There’s been a lot of speculation as to how the law of COLAS will develop.
I’m not talking potential taxes on sugary drinks as part of a national healthcare reform bill.
I’m talking about the cost of living increases under California Labor Code 4659(c). That COLA affects life pension cases (where the percentage of disability is 70% or more) and permanent total disability cases. The COLA statute was enacted in 2002 and was not repealed as part of the 2004 SB 899 comp reform.
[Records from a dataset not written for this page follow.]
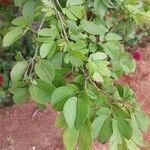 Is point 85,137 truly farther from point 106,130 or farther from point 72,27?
point 72,27

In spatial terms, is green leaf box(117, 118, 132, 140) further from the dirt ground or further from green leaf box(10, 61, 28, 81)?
the dirt ground

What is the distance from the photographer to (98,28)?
1.26 m

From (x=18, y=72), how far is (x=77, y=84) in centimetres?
16

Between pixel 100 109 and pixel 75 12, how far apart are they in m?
0.35

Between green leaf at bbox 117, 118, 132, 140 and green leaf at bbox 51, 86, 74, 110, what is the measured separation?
146 mm

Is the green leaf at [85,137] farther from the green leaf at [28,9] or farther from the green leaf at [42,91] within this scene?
the green leaf at [28,9]

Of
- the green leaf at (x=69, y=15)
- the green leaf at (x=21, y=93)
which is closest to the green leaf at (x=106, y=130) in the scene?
the green leaf at (x=21, y=93)

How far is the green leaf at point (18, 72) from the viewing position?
3.53 ft

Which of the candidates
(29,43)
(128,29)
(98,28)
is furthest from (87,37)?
(29,43)

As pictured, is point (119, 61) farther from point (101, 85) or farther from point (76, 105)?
point (76, 105)

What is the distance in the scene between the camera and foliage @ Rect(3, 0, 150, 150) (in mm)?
1028

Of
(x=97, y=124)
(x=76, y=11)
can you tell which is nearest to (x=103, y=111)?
(x=97, y=124)

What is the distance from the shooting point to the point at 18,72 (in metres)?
1.08

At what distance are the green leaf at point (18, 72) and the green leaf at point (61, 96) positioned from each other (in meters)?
0.12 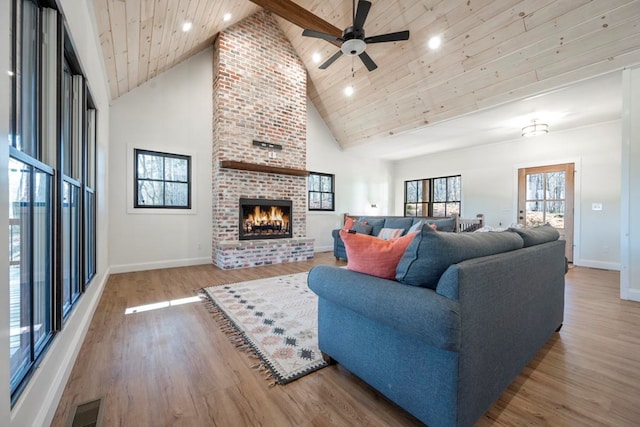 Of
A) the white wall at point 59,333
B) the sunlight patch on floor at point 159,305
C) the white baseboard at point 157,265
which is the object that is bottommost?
the sunlight patch on floor at point 159,305

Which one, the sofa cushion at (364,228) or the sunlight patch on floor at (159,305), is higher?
the sofa cushion at (364,228)

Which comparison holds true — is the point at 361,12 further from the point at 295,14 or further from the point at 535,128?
the point at 535,128

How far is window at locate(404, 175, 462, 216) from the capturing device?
7.07 metres

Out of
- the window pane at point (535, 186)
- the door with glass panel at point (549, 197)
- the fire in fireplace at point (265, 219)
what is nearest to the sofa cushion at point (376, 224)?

The COLA calculations apply only to injuries after January 1, 2003.
Under the terms of Labor Code 4659(c):
“an employee who becomes entitled to receive a life pension or total permanent disability indemnity…shall have that payment increased annually commencing on January 1, 2004, and each January 1 thereafter, by an amount equal to the percentage increase in the “state average weekly wage” as compared to the prior year”
The California Court of Appeal, 6th District has now rendered its opinion as to the start date for calculating cost of living increases under the COLA.
That decision, in a decision ordered published, John Duncan vs. Workers Compensation Appeals Board and X.S., can be found here:
http://www.courtinfo.ca.gov/opinions/do … 034040.PDF
The 6th District opinion (which is likely to be appealed to the California Supreme Court) holds that cost of living adjustments are to be added to payments starting January 1, 2004 and every January 1 thereafter.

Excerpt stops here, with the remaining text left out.